Whether or not to take hormone replacement therapy (HRT) is a complex decision. Previous research had suggested it protects against osteoporosis and colon cancer, and possibly heart disease and stroke. Then there was the article published in the July 17, 2002 issue of the
Journal of the American Medical Association,
reporting that a large study of HRT in postmenopausal women was stopped three years early due to evidence that HRT may increase the risk of breast cancer, heart disease, stroke, and blood clots. See:
"HRT study stopped early because risks seem to outweigh benefits"
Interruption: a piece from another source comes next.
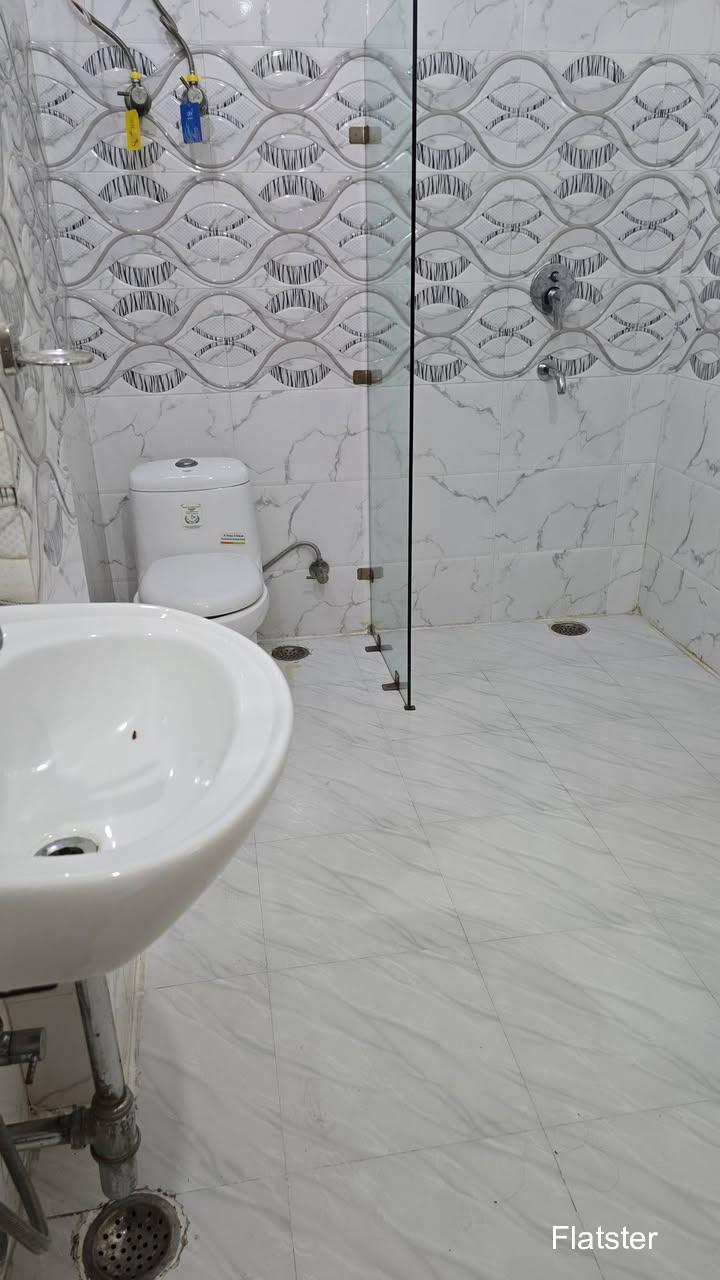 Fully Furnished 4BHK - Main Image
There’s even more to the story, though, because various forms of HRT contain different types and combinations of the hormones estrogen and progesterone. Some therapies contain only estrogen (ERT) while others contain estrogen and progesterone in various formulations (HRT). To date, research has consistently shown that ERT increases the risk of endometrial cancer (cancer of the lining of the uterus) in women with an intact uterus. For this reason, women who haven’t had a hysterectomy routinely take HRT. But should they take sequential estrogen and progesterone cycled every month or continuous combined estrogen and progesterone? Some research suggests that the sequential regimen may modestly increase the risk of endometrial cancer. But a study published in the August 3, 2002 issue of
suggests that continuous combined estrogen-progestogen may actually protect against endometrial cancer.
About the study
British and Dutch researchers studied 534 postmenopausal women at 31 clinics in the United Kingdom. Prior to the study, 360 women had taken sequential estrogen-progestogen, 164 had taken no HRT, and 10 had taken estrogen-only (ERT). In addition, 22 women had complex hyperplasia of the endometrial tissue (a risk factor for endometrial cancer), 21 of whom had taken sequential estrogen-progestogen.
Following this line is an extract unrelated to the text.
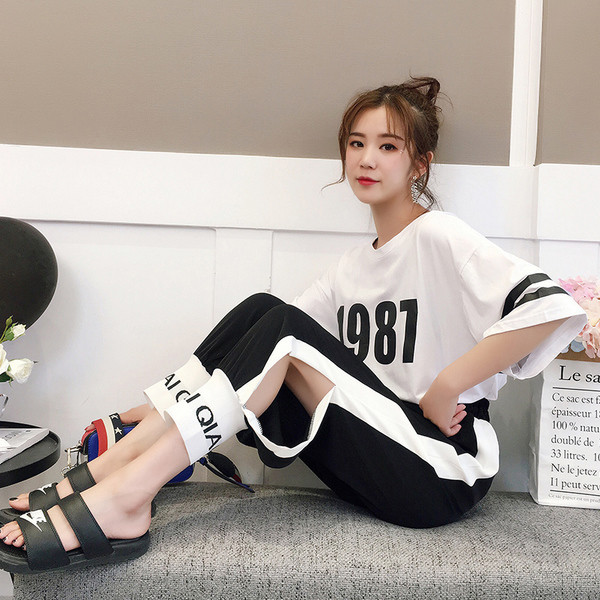 Pantaloni eleganti sport de dama in trei culori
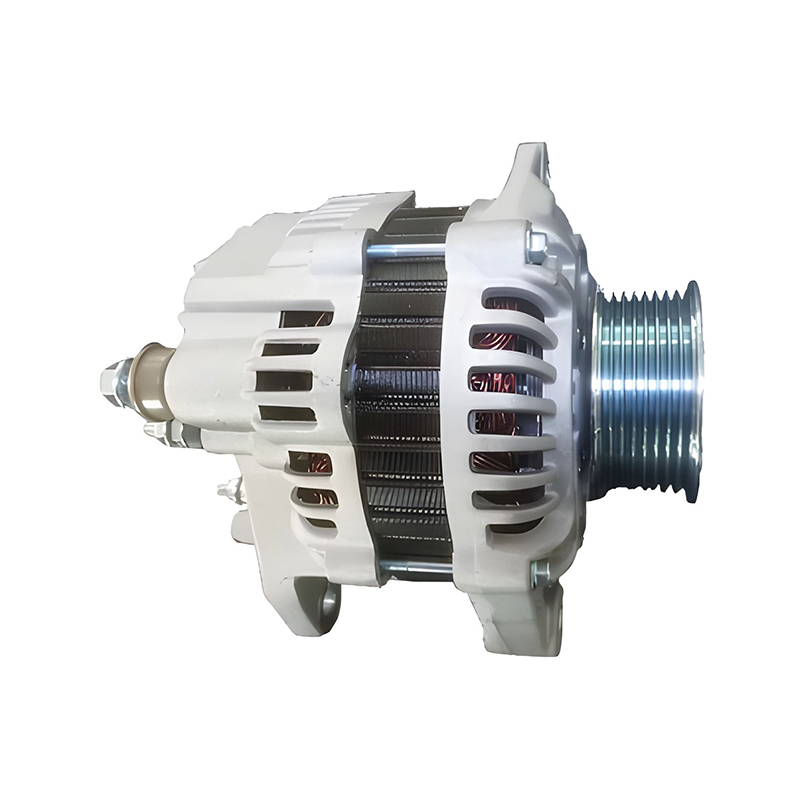 24V 80A A3TA8991/20498749 三菱車のオルタネーター A3TA ルノートラックエンジン用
At the start of the study, a sample of endometrial tissue (uterine lining) was taken from each woman’s uterus. Then the women began taking continuous combined estrogen-progestogen (2 mg 17beta-estradiol and 1 mg norethisterone acetate) daily for 9 months. Another endometrial biopsy was taken at 9 months. For women who chose to continue the medication after 9 months, another biopsy was taken between 24 and 36 months, as well as at 5 years.
A pathologist examined the endometrial biopsies to see if any women developed hyperplasia while taking HRT and if hyperplasia had worsened or improved in women who had hyperplasia at the start of the study.
This study was sponsored by Novo Nordisk, a company that manufactures several HRT products, including a continuous combined estrogen-progestogen product.
According to the biopsies at 9 months, 24 to 36 months, and 5 years, none of the women had endometrial hyperplasia. What is particularly remarkable is that endometrial tissues in the 22 women who had hyperplasia before the study had reverted to normal. This suggests that continuous combined estrogen-progestogen does not increase risk of endometrial cancer,
that it may even prevent it by reversing hyperplasia.
Remember, 21 of the 22 women who had hyperplasia at the beginning of the study had taken sequential estrogen-progestogen. This implies that sequential, but continuous, combined HRT may be associated with increased risk of endometrial cancer.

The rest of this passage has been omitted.